By Deb Borfitz
February 2, 2009 | When it comes to suicidality monitoring in clinical trials, electronic patient reported outcomes (ePRO) tools have distinct advantages over both face-to-face and paper-based data collection methods, according to Michael Federico, VP ePRO solutions for Philadelphia, Penn.-based ERT.
For starters, ePRO offers confidentiality since information is collected directly from patients without the involvement of another human being. It’s also more convenient than the alternatives. “No matter how broad the monitoring scope needs to be, an ePRO solution is easy to add at any time,” says Federico. It can be as simple as adding the appropriate questions to those patients are already answering by telephone or computer. The cost of training investigative site staff is eliminated. Further, suicidality monitoring is conducted uniformly “within a trial and across many trials.”
The ePRO solutions in ERT’s arsenal also surpass other data collection approaches because they’re backed by a response system that assures swift reaction to suicide concerns, says Federico. Certain patient-reported answers, as dictated by the study’s sponsor, trigger alerts to the trial site by a pair of call centers until the responsible investigator is reached. “Before the patient is even finished with the questionnaire, we’re already calling the site.”

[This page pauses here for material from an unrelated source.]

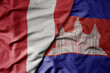 big waving national colorful flag of cambodia and national flag of peru .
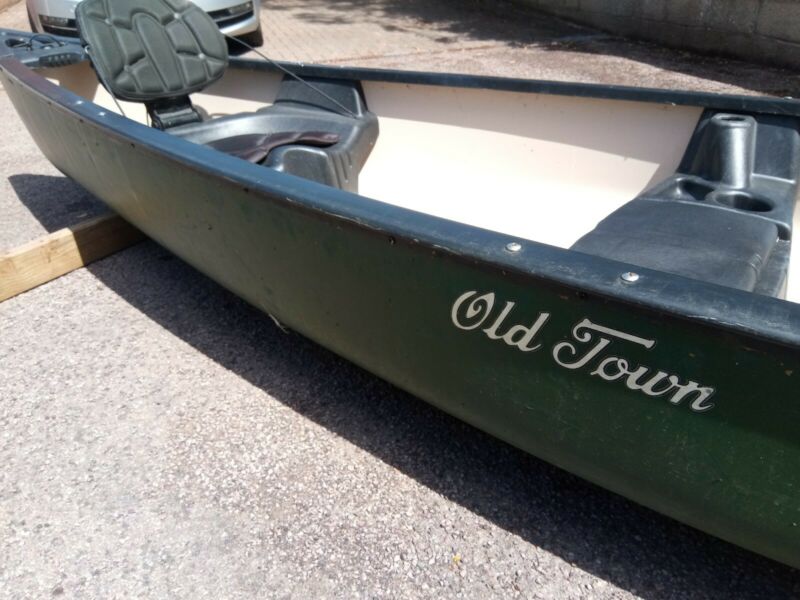 Old Town Saranac 146XT Canadian Canoe Inc Paddles And Two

Computer-aided suicidality monitoring has been going on for more than 25 years now, though the topic has been of growing interest due to connections drawn between psychotropic drugs and suicidal thoughts in children and adolescents, says Federico. From a regulatory standpoint, it has “yet to be determined” if such monitoring will ultimately be required for any compound that crosses the blood-brain barrier or only those acting specifically on the central nervous system.
The chief challenge is accurately identifying the risk for suicide, says Federico. “Even for clinical findings, like QT prolongation [an electrocardiographic abnormality], risk took years to define.” Trial sponsors will require customized ePRO solutions for suicidality monitoring based on their interpretation of guidance documents that may be issued by the Food and Drug Administration (FDA), says Federico. Even the FDA’s 27-page guidance on QT monitoring gets differentially interpreted company to company and compound to compound.
The FDA currently requires that all psychiatry products, in every phase of development, have prospective assessment for suicidality using an acceptable instrument, according to Tom Laughren, director of the Division of Psychiatry Products in the FDA’s Center for Drug Evaluation & Research (CDER). At least some of those instruments can be administered via ePRO. “This policy is in effect now and will be communicated on a protocol-by-protocol basis, but may be the subject of a future position paper… [or] guidance document.”
In other therapeutic areas, there is no requirement for suicidality monitoring. The FDA “will ask for these analyses…on a case-by-case basis,” says John Jenkins, director of CDER’s Office of New Drugs.
Precisely how investigators should respond clinically to a suicide alert remains an open question. Says Federico: “Sponsors will need to outline support for their sites, especially in studies where mental health professionals are not available at the sites.”